All About Samplemaking
Samplemaking is a critical part of the process. As we discussed in the previous post, it’s an essential step in the process and an investment. Teaming up with the right team or individuals will help you out in the long run.
In the many years I’ve worked in the industry, on thing rings true: every brand does it differently. Some prefer to outsource patterns and make the samples in house. Some have the pattern makers do the sampling, or to have their factories make the samples. Some designers even prefer to do it themselves. You need to do what you feel is right for your budget and scenario.
I am very choosy who we do sampling for at Garmenta Apparel. It’s a huge undertaking, not especially profitable, and a ton of moving parts. If you come with your own sampling resources you are golden in my book. But I do recognize that there are those that need help getting started so I’ll go into more detail a little later in the post about how I approach sampling.
Finding an independent sample maker
Whether you find a sample room that specializes in this service or hire a retired lady off of Craigslist, the important thing is to not start off with the most complex out of all your pieces just because you don’t want to sew it yourself. Starting to work with a sample maker is like going on a first date. You kinda test the waters with ONE simple style. Don’t drop your whole line on their lap. This is the epitome of putting all your eggs in one basket. Everyone should be on their most professional behavior at this point. You are asking them questions and judging their answers and then looking to see the follow through from what was promised. If everything turns out ok then go for that second sample!
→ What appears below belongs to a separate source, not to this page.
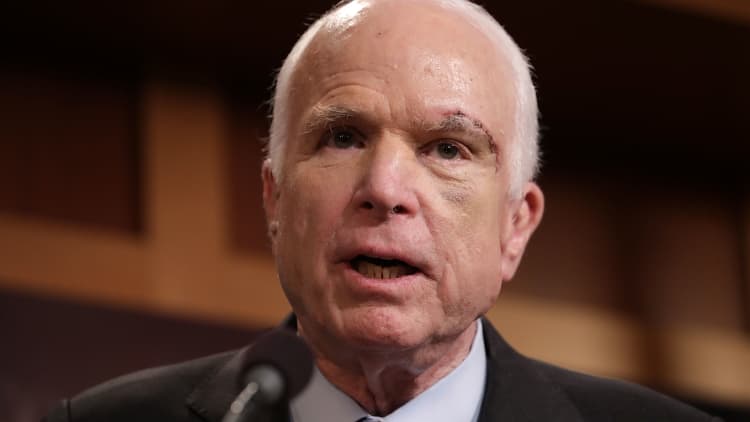 McCain backs bill to regulate political ads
Should you be sewing your own samples?
If it’s the beginning stages of a new project, I say go for it! I understand that you may want to play around with the shapes, drapes and finishes- this is all part of the creative process. However, as the style is finalized, unless you are a professional sewer, I would recommend passing off to be professionally sampled, or at least tested by whoever is going to produce it. This is critical because any last minute kinks in the pattern are worked out and it is important to have an accurate sample that the factory can reference for how the finished garment should look. It’s not fair to pass a garment to a factory as a sew-by sample that has a long sleeve, but should be short sleeve with a cuff with maybe a different zipper application, for example. The factory has a lot on their plate. They must have clear information to work from.
Sample Quality
The first sample will look like a sample. It will not be perfect because more than likely seams were ripped along the way and parts refashioned to build a better garment because this is the trial and error phase. Sometimes during the process we realize that something isn’t going to work so we find a way to make it work without having to recut and resew a brand new sample. Obviously everyone would like a beautiful looking garment at this stage, but honestly after the style is fit approved this garment is destined for the trash so don’t get too attached. Consider it a rough first draft.
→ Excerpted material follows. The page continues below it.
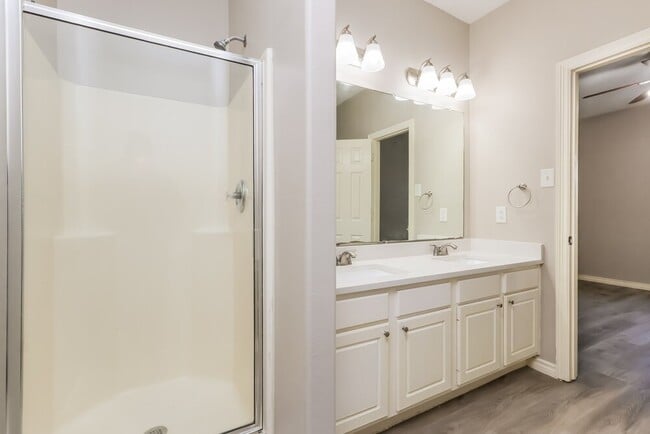 Photo - 10110 Berrybriar Ln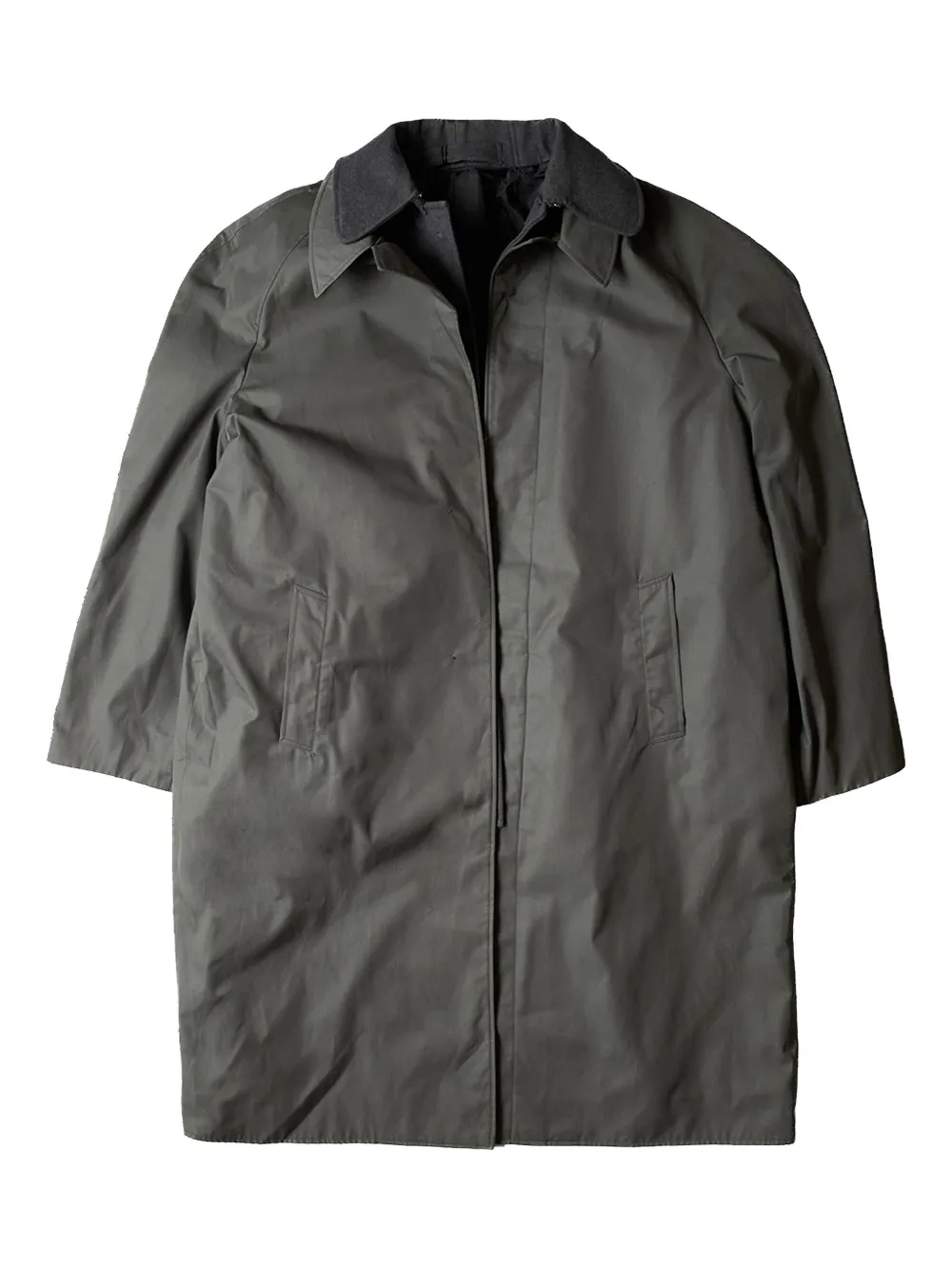 cut out-detail coat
As your project progresses samples should look nicer each time. The only nearly perfect sample should be the pre-production sample from your factory.
It is very important to be mindful about how a garment is sampled. All sewing techniques applied should be based on what would be optimal for mass production. It would not be fair to make a beautiful garment that has couture finishes if the factory does not have the capabilities to do any handwork. Every aspect of constructing a garment has to factor in how each step will be done for bulk. Efficiency is the key.
What a sample is made from?
I mentioned in a previous post that it’s best to sample in the actual fabric you are looking to produce in. Yes, this is probably going to increase your sample cost, but everyone will know the characteristics of the fabric by the endpoint.
But it is very understandable that you may not have everything you need on hand. Work to coordinate with your sampling team about materials that you may want to use for substitutions. Don’t just assume that whatever you give them will work. You really need to consider how you want the end result built and what you can do to mimic that in substituted materials.
Muslin is traditionally thought of as what designers use to build from. Yes and no. I’ll use it sometimes if the weight is similar to what the end product will be, but if I’m making a thick cashmere jacket and I only have lightweight muslin on hand, I probably will switch over to something like cheap crafting felt for draping purposes which would give a closer look. The same is true for making “muslins” of knit garments. You cannot use cotton muslin to make a stretchy garment. We need a comparable substitute.
What you need to provide for sampling
I may be more hardcore than some out there, but I’ve lived and learned. When I agree to sampling, basically the only thing I will provide is thread. Each component affects the way the garment will fit and drape. I don’t want to be held responsible if something I choose is not quite up to the standards that you may envision for your sample.
You must supply the fabric. Even if it will be substituted muslin, it’s up to you because this affects the drape. Additionally, don’t ask to have me pick up something for you to use or use something that we have on hand. We are not a sourcing service, nor a personal shopper. There are more important things that we can be doing instead of out shopping for something to make your sample in.
Colors do not matter. If it is a sample, you can be using the ugliest color combination out there for a first fit just to get an idea of the proportions, and style. If you can only find a neon orange zipper than that’s fine. It’s useable.
Sample Timing
Oof, everyone has a heavy workload and sewing samples takes time. Timelines can vary, but I suggest to plan very far ahead to accommodate any backups and factor in the time it takes you to gather all materials.